Synthetic Fibers and Nonwovens
The Synthetic Fibres and Nonwovens Business Area produces numerous kinds of products, from polyester yarn to nylon yarn, artificial grass yarn and nonwovens, materials used in a variety of industries, among which automotive, apparel and furnishings. The global sales revenue of this business area went from EUR 412 million in 2016 to EUR 451 million in 2017, an increase of over 9%.
The business area does not produce products classified as commodities – the exclusive realm of Asian producers – and, therefore, has comfortably positioned itself in niche markets (specialties). These markets are harder for its Eastern competitors to attack, precisely because of the type of items and services requested by customers, and provide the opportunity to match revenues with high European production costs.

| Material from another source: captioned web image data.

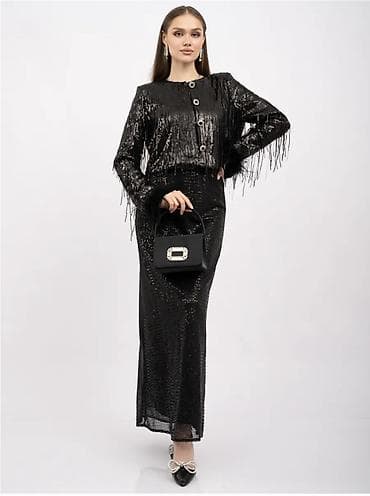 Все по 100 сом. Продаются вещи новые, имеются небольшие браки, либо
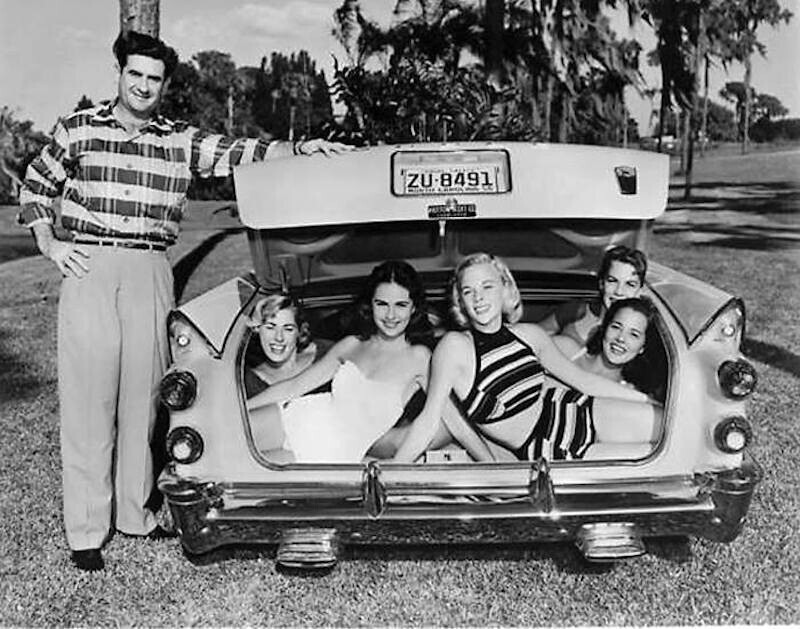 Вместительный багажник Dodge 1957 года, США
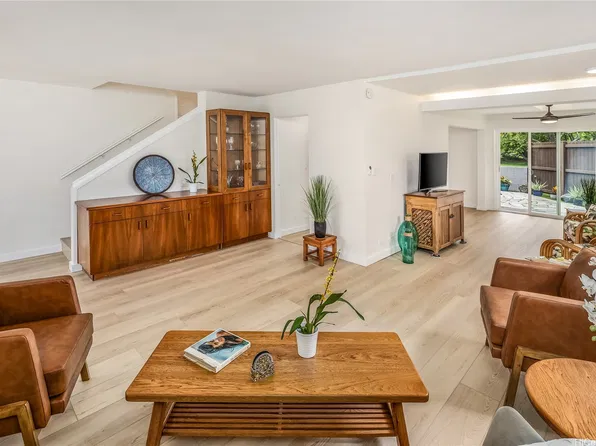 808 Koko Isle Cir #2201, Honolulu, HI 96825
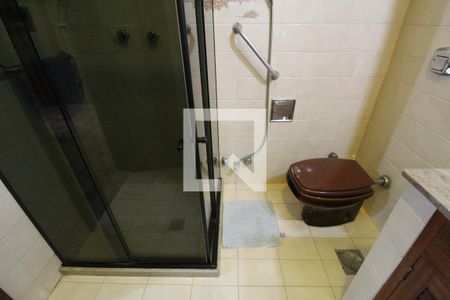 Casa de condomínio à venda com 480m², 4 quartos e 3 vagasBanheiro da suíte 2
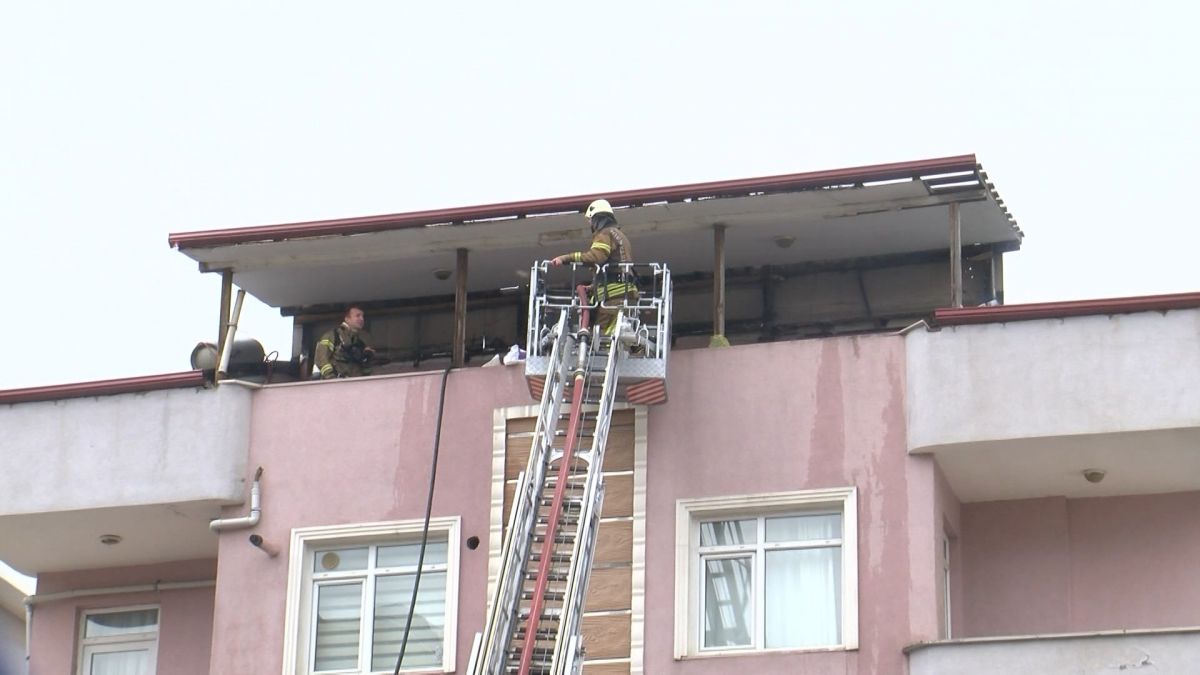 Pendik’te 6 katlı binanın çatı katı alev alev yandı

The geographical breakdown of the 2017 sales of the various products of the Comfort Fibres business line — engaged in the production of nylon and polyester — shows the prevalence of the Italian and European markets over the rest of the world. These are complex markets, which require highly customizable high-performance products. In this context, 2017 sales revenue was greater overall than in 2016, and significant increases were recorded in both sales value and volume.
In 2017, the Performance Yarn Business Area — engaged in the manufacture, processing and sale of polyamide 6 and 6.6 yarn used mostly for textile flooring — confirmed its leadership position in the automotive sector thanks to polyamide 6 solution-dyed yarn used for vehicle floor carpeting in the premium and SUV segments.
The high-tenacity polyamide 6.6 yarn sector was still another market that benefited from this favorable period in the automotive industry.
As regards BCF yarn for household and commercial textile flooring, 2017 sales were in line with forecasts and stable compared to 2016. In these markets, interest in solution-dyed colored yarn was also on the rise.
Regarding the Extrusion Yarn Business Area, in financial year 2017, Tessiture Pietro Radici reported gross sales revenue basically consistent with the prior financial year.
As for nonwovens, in 2018 a new bicomponent production line was installed, which will allow for delivering specialty products for construction, automotive, agriculture and furnishing applications.